Giornalismo dal caso Spada a quelli che non rischiano nulla

Giornalismo al centro dell'attenzione dopo il caso di Ostia. L'informazione libera ci manca come l'aria necessaria per respirare.

di Davide Amerio.

Il giornalismo torna al centro dell’attenzione dopo il miserevole caso di Ostia con la brutale aggressione al giornalista della trasmissione Nemo, da parte del noto Spada, fratello dell’omonimo boss. 

La cittadina ha reagito con una manifestazione che ha visto la partecipazione di molte forze politiche mentre ha brillato, per l’assenza, il Partito Democratico. La politica si divide su principi che non dovrebbero essere messi in dubbio. È inutile fare leggi contro i residui storici del fascismo quando non si riesce a esercitare unanimità contro gesti e manifestazioni chiaramente di stampo fascista.

Stiamo assistendo a velati tentativi di legittimazione di gruppi politici come CasaPound che non nascondono la propria professione di anima fascista con la complicità di un giornalisti troppo compiacenti e timorosi.

Il problema dell’informazione.

Anche in Valle si è parlato di giornalismo con la bella serata organizzata dall’associazione Il Grande Cortile. 

Nel campo politico c’è sempre molta attenzione alle così dette “Fake News”, ma la preoccupazione si limita al Web, che qualcuno vorrebbe censurare, non alla scarsa professionalità che continua a dimostrare il giornalismo dei “grandi”, ovviamente con le dovute -eccellenti, – eccezioni.

Ci si preoccupa del dito, le fake news di qualche imbecille, e non si guarda la luna: le notizie create ad arte per sostenere ora questa ora quella fazione politica.
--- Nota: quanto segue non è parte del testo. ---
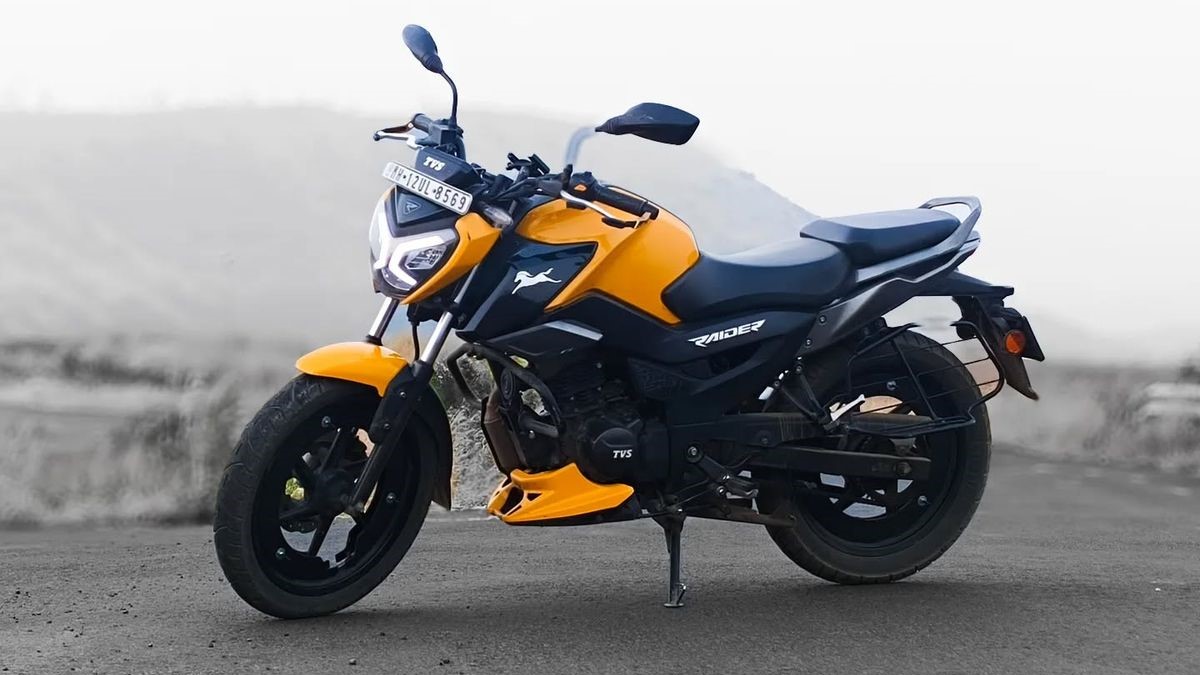 tvs raider 125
Lontani sono gli anni in cui un autorevole giornalista piemontese, già comandante partigiano, Giorgio Bocca, scriveva un libro dal titolo esauriente: “Il Padrone in redazione”.

La descrizione del rovesciamento della figura del giornalista che da controllore diventa controllato, è ivi illustrata con dovizia di particolari. Quelli che Bocca cercava di spiegare a un refrattario Eugenio Scalfari, già direttore de La Repubblica a quel tempo. Le dinamiche che coinvolgevano il mutamento del mondo imprenditoriale in trasformazione, sono individuate con precisione: l’occupazione dell’informazione per manipolare il mercato e, conseguentemente, la politica stessa che dovrebbe dirigere l’economia.

Lo stato dell’arte.

Ne consegue un giornalismo che transita dalla funzione di “cane da guardia” a vassallo del potere economico (o come scrisse Travaglio “cane da riporto”); mentre il quotidiano diventa un supporto accessorio al gadget e alla pubblicità.

Questo contesto è degenerato nel tempo  sino alla situazione odierna, nella quale è palese la sudditanza, senza senso di vergogna o imbarazzo, delle testate giornalistiche al padrone di turno e, conseguentemente, alla fazione politica di cui esso fa parte.

Certo questo tipo di giornalismo, salottiero, compiacente, adulatore, non è quello che rischia sul campo. Né una testata e neppure la carriera. Anzi, la sua filosofia è improntata a conservare una ipocrita immagine di sé: falsamente autorevole.

Sopperisce il Web, anche se ancora parzialmente in modo confuso. Vera l’esistenza delle fakes news, ma altrettanto più vera sono la presenza e il lavoro di molti (giornalisti e non) nel divulgare quel bene prezioso che si chiama conoscenza. Quella che Luigi Einaudi poneva alla base della democrazia con il suo motto: “Conoscere per deliberare”.